Washington INsider

Washington INsiderblog

Mark Schoeff Jr. looks at what's really happening on Capitol Hill - and the upshot for advisers.

5th Circuit mandate to vacate DOL fiduciary rule 'still pending'

Observers can't tell why the regulation is still on death watch and not actually dead

Jun 1, 2018 @ 2:40 pm

By Mark Schoeff Jr.

As death watches go, the vigil over the Labor Department's fiduciary rule has been a long one.

Back on March 15, the 5th Circuit Court of Appeals struck down the regulation in a 2-1 decision. The Department of Justice, on behalf of the DOL, declined to appeal the decision by the April 30 deadline.

Attempts by AARP and three states to intervene as the defendants were denied on two different occasions in May.

The court was originally supposed to issue a mandate by May 7 making the March 15 decision effective, but has not yet done so.

When a pope passes away, a Vatican official pounds on his chest three times. If he doesn't respond, he's officially declared dead. If someone were to pound the DOL rule's chest three times today, the regulation would at least give a weak cough.

The parts of the rule that were implemented almost a year ago — impartial conduct standards for brokers when working with clients in retirement accounts — are still operational until the 5th Circuit ruling becomes effective.

In the meantime, the DOL has reiterated its temporary non-enforcement policy, allowing brokers to use exemptions in the regulation without a contract as long as they make a good-faith effort to comply with the impartial conduct standards, such as acting in a client's best interests, charging reasonable fees and not making any misleading statements.

But what is the reason for the hold up on the mandate?

No one I've talked to — either on-the-record or on background — knows the answer.
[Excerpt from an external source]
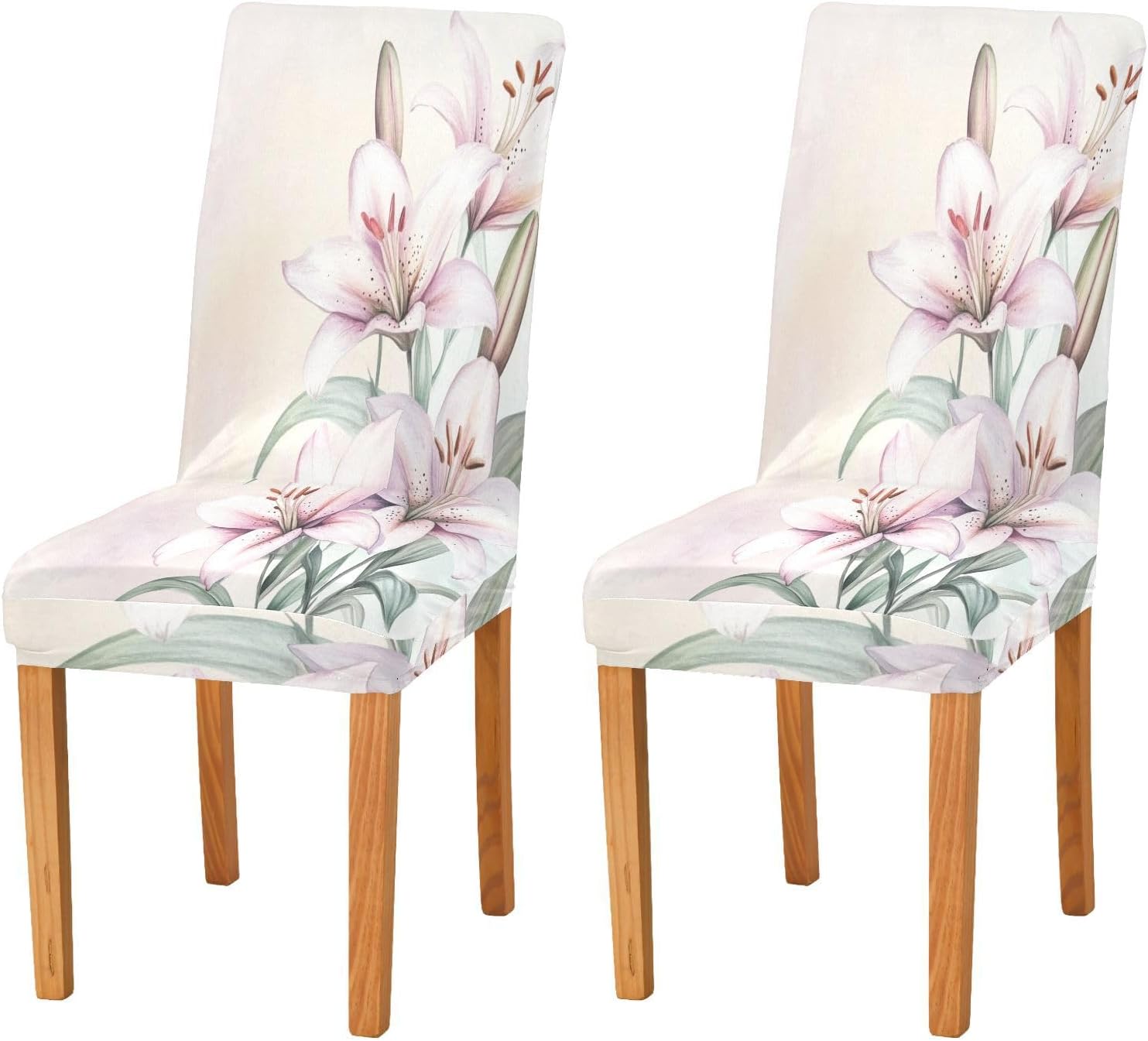 ALAZA Chair Covers for Dining Room, Elegant Hand Painted Lilies Stretch Chair Cover Sets Chair Protector Removable Washable for Ktichen Restaurant Hotel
The court clerk's office would only say that the mandate "is still pending."

That leaves the field open for speculation. For instance, the court could be waiting to see whether DOJ appeals its decision to the Supreme Court. The deadline for that move is June 13.

It's unlikely that the Trump administration, which opposes the DOL rule and delayed its full implementation, would turn to the high court to save it. Besides, the DOL has ceded investment advice reform leadership to the Securities and Exchange Commission, which has a proposal out for public comment.

Or maybe 5th Circuit chief judge Carl Stewart is trying to get the full court to agree to reconsider the March 15 ruling. Mr. Stewart dissented in that decision as well as the decisions to deny the states and AARP intervenor status. But he supported a decision not to let the full court reconsider the ruling to deny intervention.

Or maybe this is just the way it goes in the sui generis U.S. legal system. Each circuit has its own personality. Maybe the 5th Circuit's slow walk of the mandate is no big deal.

"We're still expecting the court to vacate the rule shortly," said George Michael Gerstein, counsel at Stradley Ronon Stevens & Young.

While they're waiting, firms should be cognizant that the 1975 federal retirement law that was replaced by the DOL fiduciary rule could come back online. That regulation contains a multiple-step process for determining who is a fiduciary for retirement savers.

"Preparations to comply with the five-part test make sense," Mr. Gerstein said.

But the DOL's temporary non-enforcement policy means the fiduciary rule can still be used to claim exemptions for normally prohibited activities, such as selling commission-based products.

"That gives the industry an opportunity to be subject to two rules, and that can only happen in Washington," said Duane Thompson, senior policy analyst at Fi360, a fiduciary education, training and technology company. "Firms are well-advised to comply with the impartial conduct standards to be safe until we hear more from the DOL."

Who knows how long that will take. But now that I've filed this blog post, maybe we'll see movement. Anytime I write that nothing's happening on a topic, the story quickly gets overtaken by events.